Surtout lorsqu’ils se posent avec assurance comme au fait
de la problématique de l’éducation populaire,
de l’éducation permanente, de la formation continue
aujourd’hui, la plupart de mes interlocuteurs m’invitent
sans même avoir besoin de se concerter, tellement cela va
de soi pour eux, à ne pas trop insister sur Auschwitz et
à réinscrire l’affaire des camps dans le douloureux
catalogue des horreurs humaines dont aucune n’est à
distinguer des autres tant elles ont été aussi monstrueuses
les unes que les autres - donc équivalentes - tout au long
du XXème siècle...
L’invitation au “travail de la mémoire”
- à ne pas confondre avec le “devoir de mémoire”

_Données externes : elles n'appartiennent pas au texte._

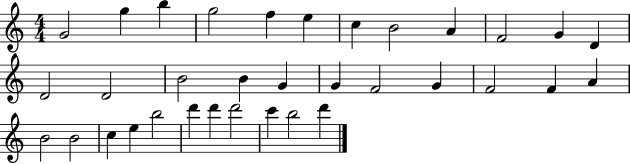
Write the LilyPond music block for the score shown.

{
  \clef treble
  \numericTimeSignature
  \time 4/4
  \key c \major
  g'2 g''4 b''4 | g''2 f''4 e''4 | c''4 b'2 a'4 | f'2 g'4 d'4 | \break d'2 d'2 | b'2 b'4 g'4 | g'4 f'2 g'4 | f'2 f'4 a'4 | \break b'2 b'2 | c''4 e''4 b''2 | d'''4 d'''4 d'''2 | c'''4 b''2 d'''4 | \break \bar "|."
}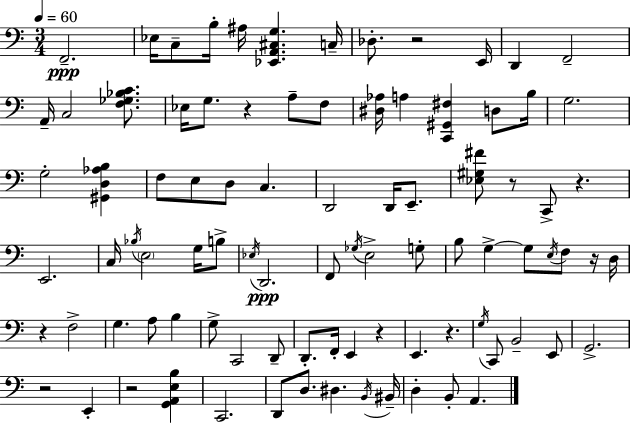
X:1
T:Untitled
M:3/4
L:1/4
K:Am
F,,2 _E,/4 C,/2 B,/4 ^A,/4 [_E,,A,,^C,G,] C,/4 _D,/2 z2 E,,/4 D,, F,,2 A,,/4 C,2 [F,_G,_B,C]/2 _E,/4 G,/2 z A,/2 F,/2 [^D,_A,]/4 A, [C,,^G,,^F,] D,/2 B,/4 G,2 G,2 [^G,,D,_A,B,] F,/2 E,/2 D,/2 C, D,,2 D,,/4 E,,/2 [_E,^G,^F]/2 z/2 C,,/2 z E,,2 C,/4 _B,/4 E,2 G,/4 B,/2 _E,/4 D,,2 F,,/2 _G,/4 E,2 G,/2 B,/2 G, G,/2 E,/4 F,/2 z/4 D,/4 z F,2 G, A,/2 B, G,/2 C,,2 D,,/2 D,,/2 F,,/4 E,, z E,, z G,/4 C,,/2 B,,2 E,,/2 G,,2 z2 E,, z2 [G,,A,,E,B,] C,,2 D,,/2 D,/2 ^D, B,,/4 ^B,,/4 D, B,,/2 A,,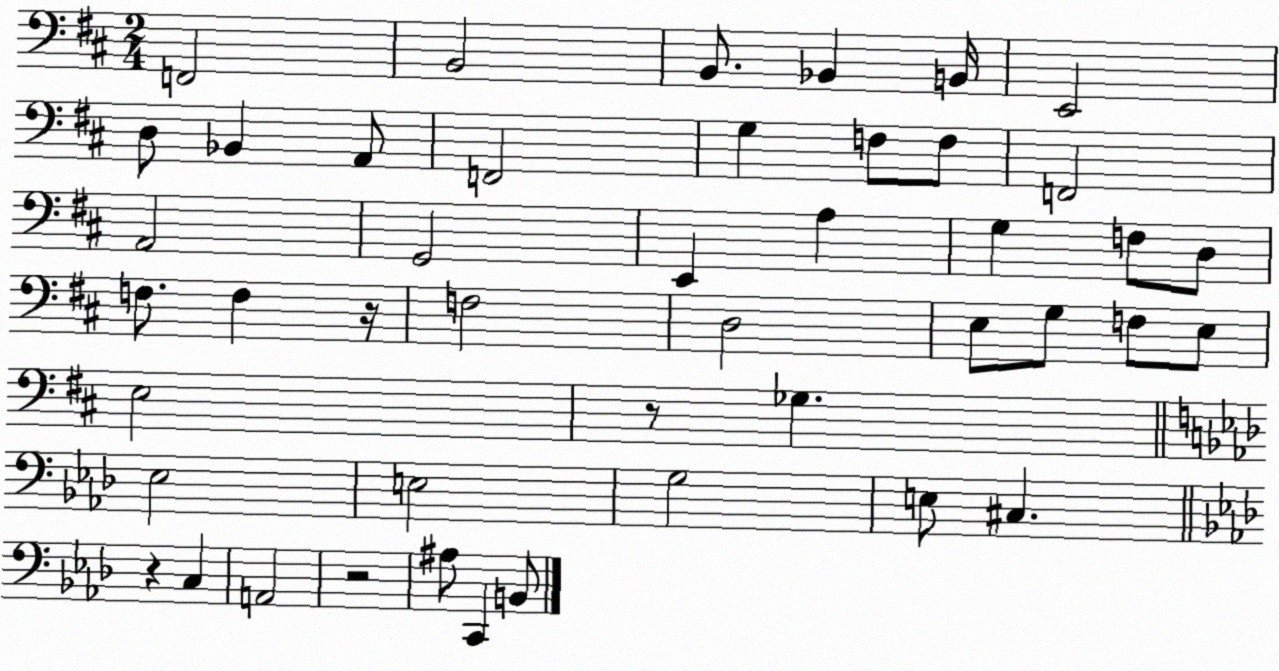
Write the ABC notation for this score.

X:1
T:Untitled
M:2/4
L:1/4
K:D
F,,2 B,,2 B,,/2 _B,, B,,/4 E,,2 D,/2 _B,, A,,/2 F,,2 G, F,/2 F,/2 F,,2 A,,2 G,,2 E,, A, G, F,/2 D,/2 F,/2 F, z/4 F,2 D,2 E,/2 G,/2 F,/2 E,/2 E,2 z/2 _G, _E,2 E,2 G,2 E,/2 ^C, z C, A,,2 z2 ^A,/2 C,, B,,/2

- provoque sans retard un tumulte mémoriel suspendant la
pensée et débouchant sur la mise en concurrence des
mémoires. “Si tout le monde a souffert, de quel droit
les Juifs pourraient-ils invoquer, plus que d’autres, leur
souffrance passée?” (10). A l’évocation
d’Auschwitz - en clair de la Shoah (11) - il faut donc sans
tarder rajouter Hiroshima, Verdun, Dresde, le Goulag, la Vendée,
le Kosovo, la Saint Barthélemy, le Cambodge, Nagasaki, l’Arménie,
Chabra, Chatila, la Kolima, les Croisades, le Rwanda, l’esclavage,
la liquidation des Amérindiens, le prétendu génocide
palestinien et même la peste ! Dans les milieux que je fréquente
je n’ai jamais rencontré jusqu’à présent
quelqu’un qui m’ait interpellé dans le sens inverse,
m’invitant à passer de l’un ou l’autre
point de l’énumération rapide que je viens d’évoquer,
à Auschwitz, aux camps, à l’extermination, au
génocide des Juifs et des Tziganes.
Permettez-moi de citer Joffre Dumazedier, premier sociologue en
France à avoir étudié l’idée de
“civilisation des loisirs”, Résistant passé
de “l’Ecole d’Uriage” (12) à la clandestinité
en 1942, président-fondateur du mouvement “Peuple et
Culture”, professeur à la Sorbonne et initiateur de
la démarche d’éducation populaire appelée
“entraînement mental” dont j’ai souvent
débattu avec lui :
“Quand on lit «L’histoire des fléaux et
des calamités en France» par l’historien Delumeau,
avec les barbaries en tous genres, les millions de tués par
la peste, la Saint Barthélemy etc.,” constatons que
“... ces horreurs ne datent pas d’hier, quelle que soit
la monstruosité des six millions de juifs exterminés”
(13).
Je relève la formulation : “la monstruosité
de six millions de juifs exterminés”. Ce n’est
pas tout fait la même chose que : “la monstruosité
de l’extermination de six millions de juifs” ou “l’extermination
monstrueuse de six millions de juifs”.
Chaque fois, donc, je suis invité, avec insistance, à
relativiser Auschwitz, en l’alignant sur la masse indifférenciée
des diverses formes de violences et de barbaries repérées
dans l’histoire humaine depuis la nuit des temps...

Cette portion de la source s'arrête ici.